De plus en plus d’économistes évoquent un scénario hyperinflationniste. Qu’est-ce que l’hyperinflation ? Les définitions sont multiples, mais il est coutumier de parler d’un taux cumulé de l’inflation sur trois ans qui approche ou qui dépasse 100 %, soit une inflation annuelle moyenne de 26 %. Nous en sommes loin. En revanche, nous sommes dans un mouvement inflationniste incontestable puisque l’inflation européenne devrait approcher 20 % pour les années 2022-23. De surcroît, des raréfactions énergétiques et alimentaires vont contribuer à un renchérissement des prix. Ce ne sera donc pas l’hyperinflation, mais un choc social très brutal aggravé par une perte de compétitivité des entreprises.

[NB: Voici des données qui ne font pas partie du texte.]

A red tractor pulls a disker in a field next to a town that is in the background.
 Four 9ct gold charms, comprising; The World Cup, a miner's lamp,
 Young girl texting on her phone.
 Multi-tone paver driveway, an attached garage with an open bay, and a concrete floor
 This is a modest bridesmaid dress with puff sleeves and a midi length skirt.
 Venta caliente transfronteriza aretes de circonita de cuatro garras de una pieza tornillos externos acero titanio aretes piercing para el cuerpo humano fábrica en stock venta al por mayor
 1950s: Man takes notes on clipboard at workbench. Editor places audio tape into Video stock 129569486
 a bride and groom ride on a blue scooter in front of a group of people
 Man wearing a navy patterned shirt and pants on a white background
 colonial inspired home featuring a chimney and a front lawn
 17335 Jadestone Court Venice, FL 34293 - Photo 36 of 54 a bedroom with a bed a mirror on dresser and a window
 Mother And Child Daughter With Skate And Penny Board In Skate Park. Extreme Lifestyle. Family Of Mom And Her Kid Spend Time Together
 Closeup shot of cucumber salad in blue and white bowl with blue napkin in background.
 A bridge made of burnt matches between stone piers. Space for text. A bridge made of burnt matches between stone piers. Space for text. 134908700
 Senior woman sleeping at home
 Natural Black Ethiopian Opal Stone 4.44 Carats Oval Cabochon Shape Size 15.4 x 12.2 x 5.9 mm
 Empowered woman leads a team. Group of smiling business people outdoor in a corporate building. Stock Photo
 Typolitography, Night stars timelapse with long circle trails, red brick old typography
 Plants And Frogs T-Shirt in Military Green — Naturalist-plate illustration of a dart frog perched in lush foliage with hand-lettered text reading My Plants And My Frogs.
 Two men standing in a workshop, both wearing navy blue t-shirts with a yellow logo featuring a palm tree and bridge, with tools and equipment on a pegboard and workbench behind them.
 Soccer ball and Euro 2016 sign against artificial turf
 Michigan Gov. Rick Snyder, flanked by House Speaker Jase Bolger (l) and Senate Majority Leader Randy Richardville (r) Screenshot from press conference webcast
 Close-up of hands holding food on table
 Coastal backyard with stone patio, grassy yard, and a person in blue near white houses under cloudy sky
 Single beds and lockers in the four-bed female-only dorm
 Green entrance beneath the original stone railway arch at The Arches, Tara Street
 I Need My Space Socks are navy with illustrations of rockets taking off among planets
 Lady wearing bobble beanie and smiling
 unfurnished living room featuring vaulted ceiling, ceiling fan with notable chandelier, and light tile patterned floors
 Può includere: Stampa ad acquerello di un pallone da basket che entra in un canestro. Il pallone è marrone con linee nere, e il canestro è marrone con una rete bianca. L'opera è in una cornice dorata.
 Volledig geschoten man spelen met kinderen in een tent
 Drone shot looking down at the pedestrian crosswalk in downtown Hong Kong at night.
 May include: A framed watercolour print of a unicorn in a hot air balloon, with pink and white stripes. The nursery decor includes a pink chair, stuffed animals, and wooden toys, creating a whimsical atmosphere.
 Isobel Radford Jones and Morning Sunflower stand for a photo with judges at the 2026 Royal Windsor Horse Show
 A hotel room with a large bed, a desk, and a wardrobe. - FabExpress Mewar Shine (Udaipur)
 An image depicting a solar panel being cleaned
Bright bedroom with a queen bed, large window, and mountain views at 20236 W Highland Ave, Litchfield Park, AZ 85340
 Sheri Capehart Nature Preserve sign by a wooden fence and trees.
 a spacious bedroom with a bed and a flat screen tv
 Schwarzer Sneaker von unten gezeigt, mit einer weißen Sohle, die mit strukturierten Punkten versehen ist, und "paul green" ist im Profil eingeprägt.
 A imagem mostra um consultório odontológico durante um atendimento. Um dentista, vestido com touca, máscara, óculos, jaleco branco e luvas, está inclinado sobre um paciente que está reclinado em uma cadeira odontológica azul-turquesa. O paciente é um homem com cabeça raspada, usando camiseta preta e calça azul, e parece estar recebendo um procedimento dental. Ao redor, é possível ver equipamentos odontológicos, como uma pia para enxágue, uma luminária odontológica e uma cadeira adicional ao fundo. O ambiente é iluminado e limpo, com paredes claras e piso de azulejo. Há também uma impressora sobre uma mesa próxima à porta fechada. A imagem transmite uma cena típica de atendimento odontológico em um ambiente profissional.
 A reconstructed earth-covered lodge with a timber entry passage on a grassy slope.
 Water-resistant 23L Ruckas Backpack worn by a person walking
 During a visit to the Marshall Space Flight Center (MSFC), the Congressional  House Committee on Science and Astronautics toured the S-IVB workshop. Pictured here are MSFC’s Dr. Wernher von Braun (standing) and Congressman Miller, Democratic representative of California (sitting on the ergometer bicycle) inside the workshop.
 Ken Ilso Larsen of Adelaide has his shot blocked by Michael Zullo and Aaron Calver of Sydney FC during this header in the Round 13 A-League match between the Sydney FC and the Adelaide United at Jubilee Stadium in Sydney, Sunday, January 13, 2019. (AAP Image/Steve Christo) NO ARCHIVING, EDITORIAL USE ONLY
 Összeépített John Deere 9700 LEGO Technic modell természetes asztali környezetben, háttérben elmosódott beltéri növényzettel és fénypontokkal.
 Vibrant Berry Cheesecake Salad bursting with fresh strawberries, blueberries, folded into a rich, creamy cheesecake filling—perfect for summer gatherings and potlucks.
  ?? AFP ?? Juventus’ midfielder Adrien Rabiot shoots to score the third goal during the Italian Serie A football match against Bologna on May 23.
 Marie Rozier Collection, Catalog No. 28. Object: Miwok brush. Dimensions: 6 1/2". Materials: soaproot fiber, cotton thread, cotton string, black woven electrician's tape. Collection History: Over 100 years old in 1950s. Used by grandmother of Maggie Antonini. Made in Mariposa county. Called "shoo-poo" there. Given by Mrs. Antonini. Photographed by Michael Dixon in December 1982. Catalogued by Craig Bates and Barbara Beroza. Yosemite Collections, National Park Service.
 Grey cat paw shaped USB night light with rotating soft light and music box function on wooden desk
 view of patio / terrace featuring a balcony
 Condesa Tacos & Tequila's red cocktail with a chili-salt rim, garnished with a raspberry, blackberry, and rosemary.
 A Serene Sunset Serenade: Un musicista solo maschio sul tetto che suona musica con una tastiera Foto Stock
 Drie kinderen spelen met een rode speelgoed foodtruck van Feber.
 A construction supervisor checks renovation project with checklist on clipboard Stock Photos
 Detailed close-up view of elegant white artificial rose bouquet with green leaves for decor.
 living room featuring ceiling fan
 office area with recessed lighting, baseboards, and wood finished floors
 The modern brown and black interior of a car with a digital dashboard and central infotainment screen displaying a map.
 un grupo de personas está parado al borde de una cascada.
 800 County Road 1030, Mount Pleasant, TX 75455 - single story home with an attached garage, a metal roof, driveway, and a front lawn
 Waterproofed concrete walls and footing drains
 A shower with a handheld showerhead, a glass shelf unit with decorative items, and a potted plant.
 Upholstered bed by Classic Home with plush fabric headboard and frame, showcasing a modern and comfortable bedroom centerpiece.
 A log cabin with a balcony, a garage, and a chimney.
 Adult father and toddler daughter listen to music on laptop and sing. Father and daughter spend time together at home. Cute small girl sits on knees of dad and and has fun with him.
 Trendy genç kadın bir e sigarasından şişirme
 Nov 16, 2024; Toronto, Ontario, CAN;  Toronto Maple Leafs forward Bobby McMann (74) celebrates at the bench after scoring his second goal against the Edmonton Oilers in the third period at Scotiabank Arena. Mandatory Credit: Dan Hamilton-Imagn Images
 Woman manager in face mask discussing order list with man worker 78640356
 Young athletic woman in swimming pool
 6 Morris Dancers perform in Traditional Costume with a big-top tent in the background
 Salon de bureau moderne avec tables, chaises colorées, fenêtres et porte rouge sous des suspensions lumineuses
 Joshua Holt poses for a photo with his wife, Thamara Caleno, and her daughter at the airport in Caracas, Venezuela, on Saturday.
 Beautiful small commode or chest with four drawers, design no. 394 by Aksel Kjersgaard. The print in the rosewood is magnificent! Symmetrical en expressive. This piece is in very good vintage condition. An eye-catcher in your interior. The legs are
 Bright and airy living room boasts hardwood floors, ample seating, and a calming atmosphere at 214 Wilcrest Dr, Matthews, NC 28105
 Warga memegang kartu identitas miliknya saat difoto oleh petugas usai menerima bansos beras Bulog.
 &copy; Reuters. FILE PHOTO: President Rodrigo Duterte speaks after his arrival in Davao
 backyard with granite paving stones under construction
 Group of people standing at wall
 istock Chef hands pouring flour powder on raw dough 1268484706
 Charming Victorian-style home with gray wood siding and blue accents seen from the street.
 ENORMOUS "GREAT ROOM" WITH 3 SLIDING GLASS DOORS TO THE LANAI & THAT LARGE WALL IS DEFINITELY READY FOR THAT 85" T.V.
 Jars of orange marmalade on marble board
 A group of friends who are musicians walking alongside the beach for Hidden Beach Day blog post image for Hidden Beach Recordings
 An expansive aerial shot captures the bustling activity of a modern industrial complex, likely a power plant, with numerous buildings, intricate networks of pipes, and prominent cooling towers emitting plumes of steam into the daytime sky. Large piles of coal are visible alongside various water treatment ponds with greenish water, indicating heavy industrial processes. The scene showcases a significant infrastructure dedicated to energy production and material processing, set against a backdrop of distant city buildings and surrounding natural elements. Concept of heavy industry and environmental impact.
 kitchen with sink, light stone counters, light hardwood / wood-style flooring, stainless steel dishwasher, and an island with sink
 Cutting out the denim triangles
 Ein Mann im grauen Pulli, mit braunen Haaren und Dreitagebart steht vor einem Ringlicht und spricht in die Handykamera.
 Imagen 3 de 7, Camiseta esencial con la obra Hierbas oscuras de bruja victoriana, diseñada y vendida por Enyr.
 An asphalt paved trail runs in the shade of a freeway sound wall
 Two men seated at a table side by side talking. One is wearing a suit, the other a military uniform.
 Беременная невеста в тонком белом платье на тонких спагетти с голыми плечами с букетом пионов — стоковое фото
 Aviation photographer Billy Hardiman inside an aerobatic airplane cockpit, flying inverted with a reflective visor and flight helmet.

On voit aussi la BCE tempêter qu’elle va juguler l’inflation. Elle ne pourra le faire — et je doute du résultat — que par une augmentation de taux d’intérêt et un délestage de son bilan de dettes publiques, mais cela entraînera un choc déflationniste. Cela va surtout contrarier les États, et donc leurs populations, par des hausses de taux d’intérêt sur les emprunts publics. Les dirigeants européens rappelleront alors, en temps et en heure, à la Présidente de la BCE que cette institution est une émanation de ses États-actionnaires.
Risque-t-on une hyperdéflation ? Non, je ne le crois pas. Les exemples en sont rares dans l’histoire et résultent d’erreurs de jugement politique qui seront évitées.
Mais alors, quel est le risque ? C’est le risque de la fracture sociale. Mais pas n’importe quelle fracture : une facture ouverte qui découle du choc de pouvoir d’achat frappant la partie la plus vulnérable de la population qui va frôler ou plonger dans la précarisation complète. Et ce risque nous confronte à la nécessité de garder un État social avec des dirigeants apaisés, car cette rancœur populaire va vite appeler les nationalistes et souverainistes en mal de temps anciens.
L’homogénéité sociale s’est incontestablement dégradée et des pans entiers de la population vivent un décrochage, si ce n’est un effondrement social que l’inflation récente aggrave. Cette précarisation s’inscrit elle-même dans une désagrégation sociale plus large, caractérisée par une atomisation de la société, une individualisation résignée, un émiettement culturel, la disparition des corps intermédiaires, une désinstitutionnalisation des pouvoirs, la fatigue des institutions, etc.
Il ne faut pas être un savant, mais juste un observateur, pour constater la dualisation de la société dont des strates relèvent presque de l’apartheid social.